Tolstoy and Nietzche on Art

Tolstoy describes how real art “infects” the audience with the artist’s feelings. His description reminds me of Danto’s claim that for a work to be art an audience must appreciate it as such. For Tolstoy, real art stirs up emotions in people and provides them a glimpse of the artist’s emotions and experiences. He captures a definition of art that allows the ordinary public to recognize art. Further, Tolstoy identifies sincerity as an important attribute of an artist. This quality allows for an audience to better connect with the artwork. It is like the artist has a conversation with the individual audience member. Tolstoy provides a clean, sensible explanation of what is real art; whereas, Nietzche scours the inner turmoil of the human mind for the identification of art as a product of a dream or ecstasy. It seems like Nietzche explores the extremes of the human mind, while Tolstoy generally describes a universal idea of human emotional reaction to another human’s expression through art.

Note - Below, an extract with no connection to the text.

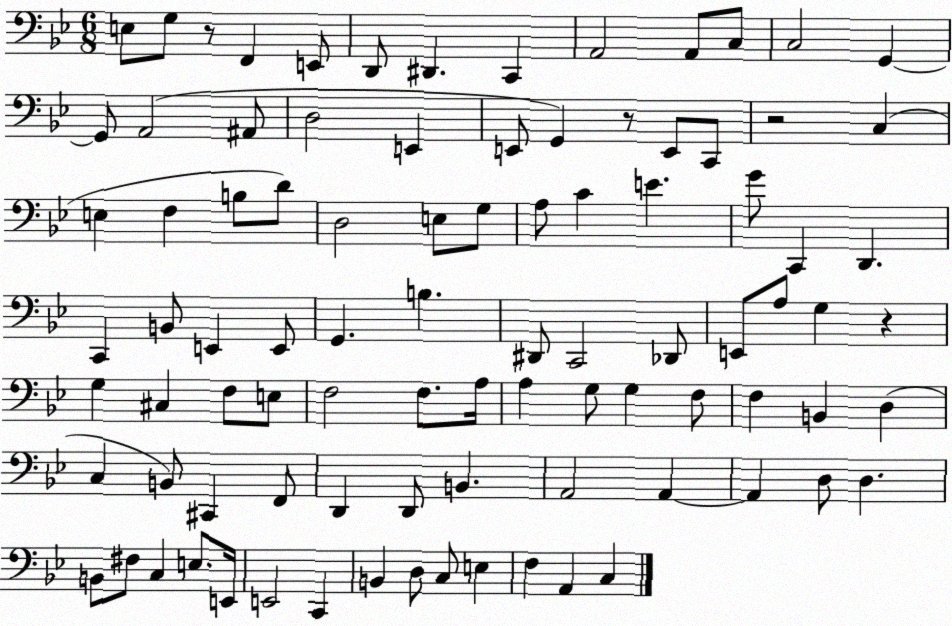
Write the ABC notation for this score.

Nietzche relates principium individuationis to Apollo and a world of illusion and dreams. Then, he goes on to describe how enjoyment taken from the destruction of principium individuationis is comparable to Dionysus and a chaotic world. While this seems to describe letting go of a rational, ordered view of the world for a more emotional and turbulent one, I do not think it is quite the same thing as Tolstoy’s infectious nature of art. Nietzche focuses on competing and complex forces of the human mind. It feels like human thoughts are a battle ground for the opposing influences of the worlds that Apollo and Dionysus represent. Tolstoy seems to have identified a much clearer and straightforward idea of how people recognize and appreciate art. Tolstoy claims that emotions and feelings are critical to successful art, and I think that Nietzche would classify such reactions as Dionysian. However, something that is Dionysian carries a description with words like intoxicating and ecstasies. I find it hard to see the kind of genuine sincerity Tolstoy discusses with regard to art in a Dionysian world, even though it is clearly missing from an Apollonian world.